▶ About this exercise
Dropping every picture, set down exactly the lines in the entries below, starting with the line with "Kitchen - 28" and going on through the line with "Sarıkaya’da Dünya Kız".

▶ Supplied records
↓↓↓

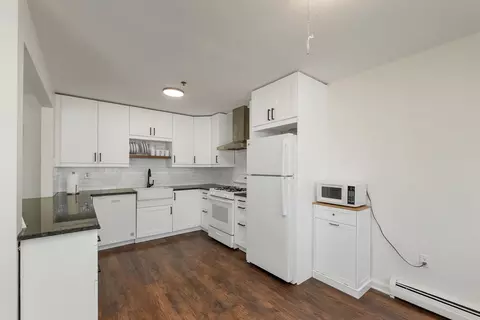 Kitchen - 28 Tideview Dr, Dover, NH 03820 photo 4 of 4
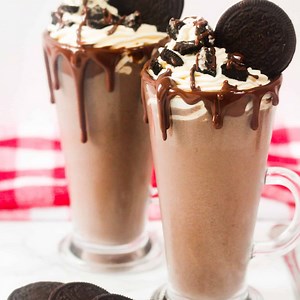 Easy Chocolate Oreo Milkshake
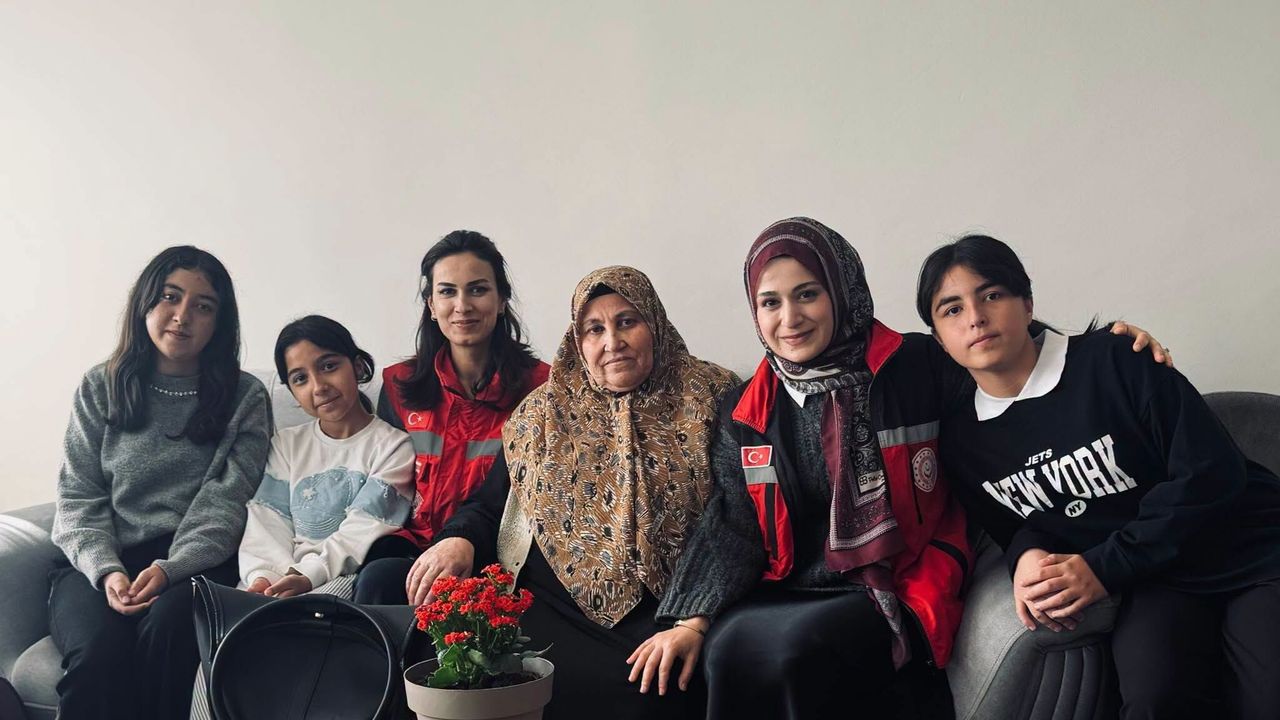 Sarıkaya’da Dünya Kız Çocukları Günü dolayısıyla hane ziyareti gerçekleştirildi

↑↑↑
↓↓↓

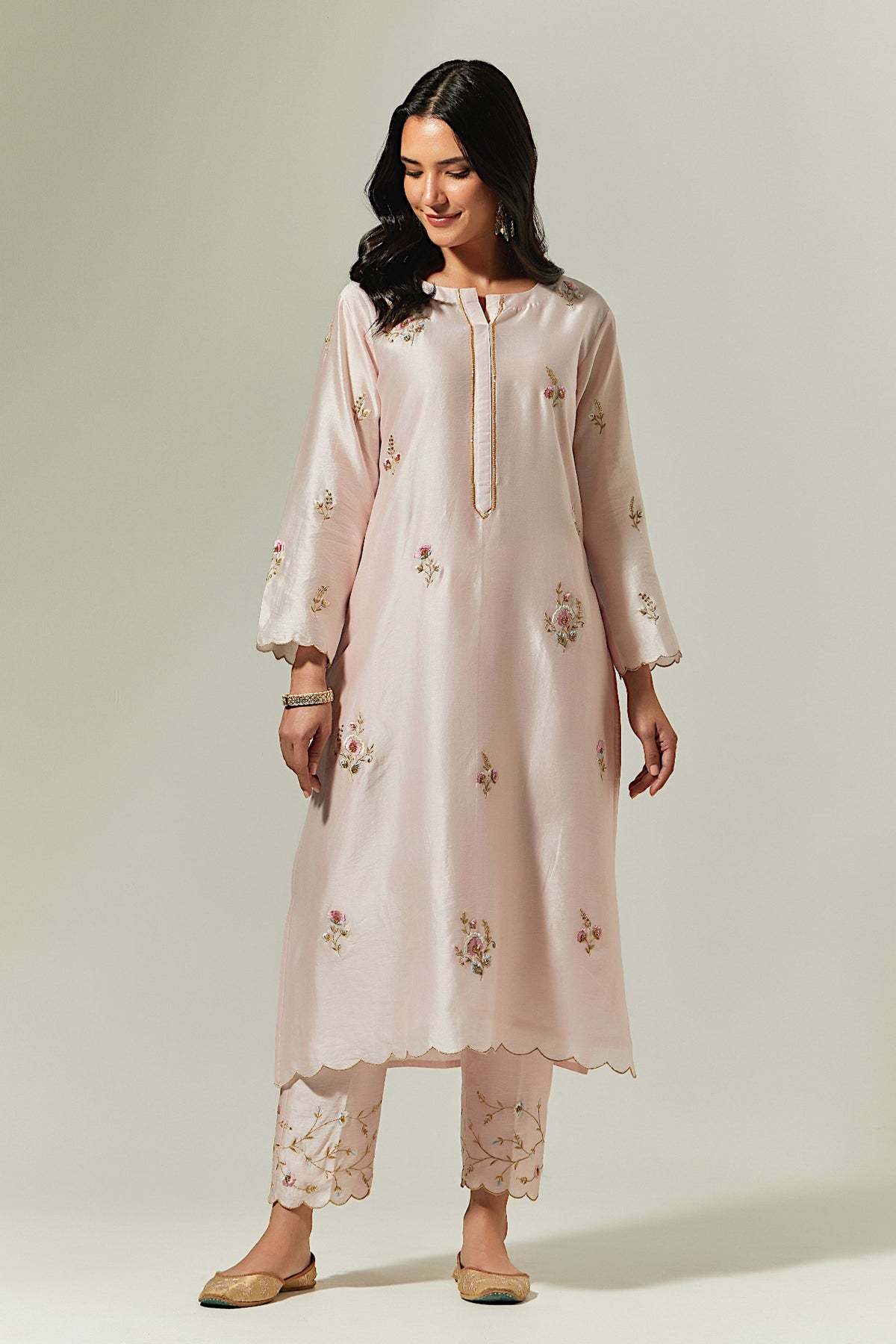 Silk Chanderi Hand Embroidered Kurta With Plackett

↑↑↑

▶ Final answer
 Kitchen - 28 Tideview Dr, Dover, NH 03820 photo 4 of 4
 Easy Chocolate Oreo Milkshake
 Sarıkaya’da Dünya Kız Çocukları Günü dolayısıyla hane ziyareti gerçekleştirildi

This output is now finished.